Maybe the difference between Drawing on the Right Side of the Brain and Lynda Barry’s “Writing the Unthinkable” method is the intended result. Edwards wants students to activate their right brains, looking closely until they forget the name of the thing they’re seeing and then express themselves in the language of forms. But as drawright.com indicates—with its proud portrait gallery and offers for $1500 five-day intensive drawing classes and corporate workshops (taught by Edwards’ son)—the other goal is to sell a ton of books. Tapping into one’s creative potential can’t be the only objective, therefore. Drawing on the Right Side of the Brain, Inc. also relies on the customer producing nice-looking, recognizable portraits.

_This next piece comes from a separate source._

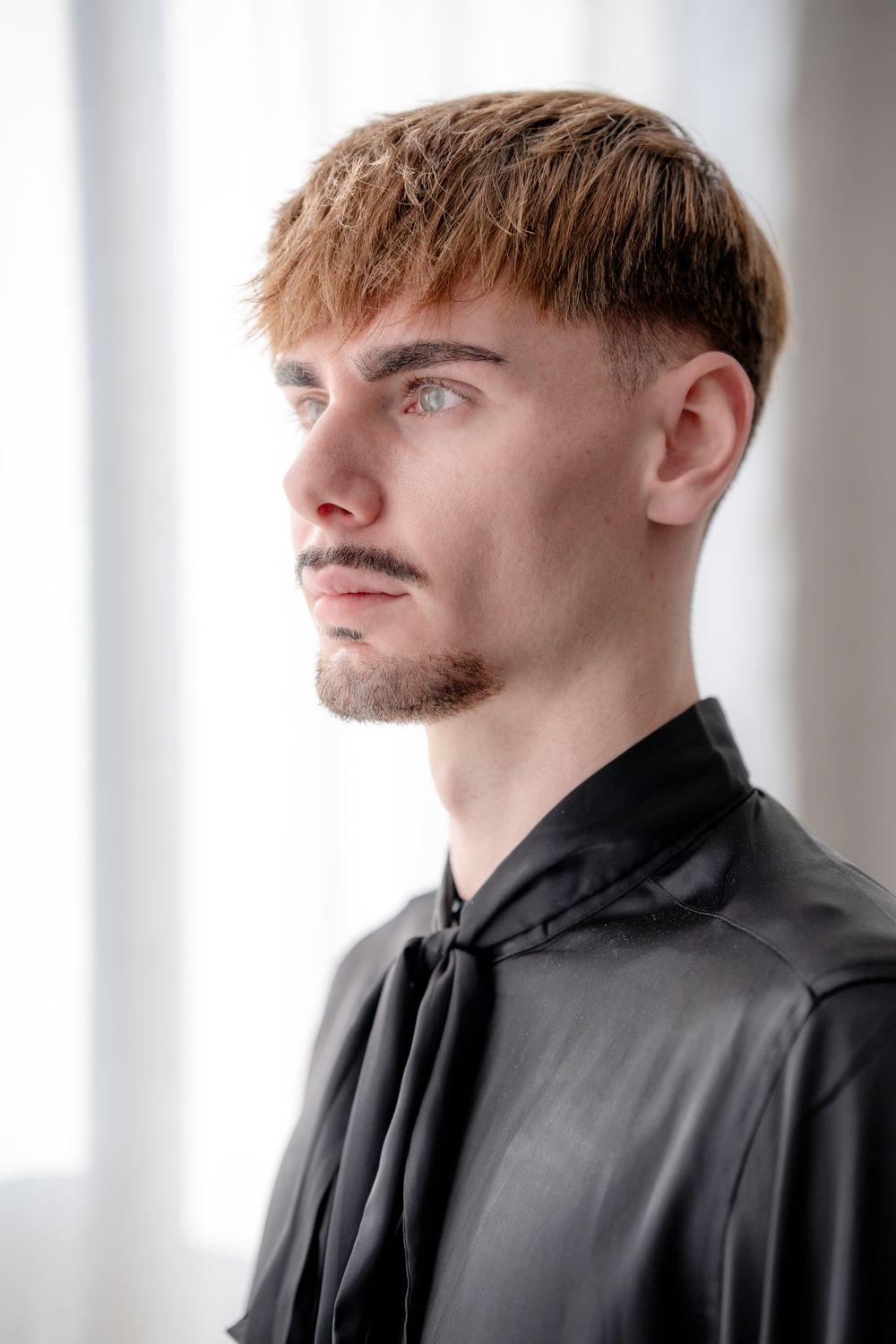 young man with short textured fringe and neat tapered sides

“Writing the Unthinkable,” meanwhile, is all about process. Lynda Barry doesn’t tell you what to do with your image-based exercises, and in fact she advises “DO NOT READ OVER!” I have notebooks full of exercises from that college fiction-writing class—countless attempts at making alive the memories of old cars and friends’ dogs—and now I see that, free from the pressure of having to edit, analyze, or turn in my work for a grade, these exercises really did get me seeing and writing differently. When I cheated and did read over my work, the voice I discovered was fresh and unfamiliar. I wouldn’t call it miracle growth, but certainly progress: the activation of another brain hemisphere or maybe just new habits.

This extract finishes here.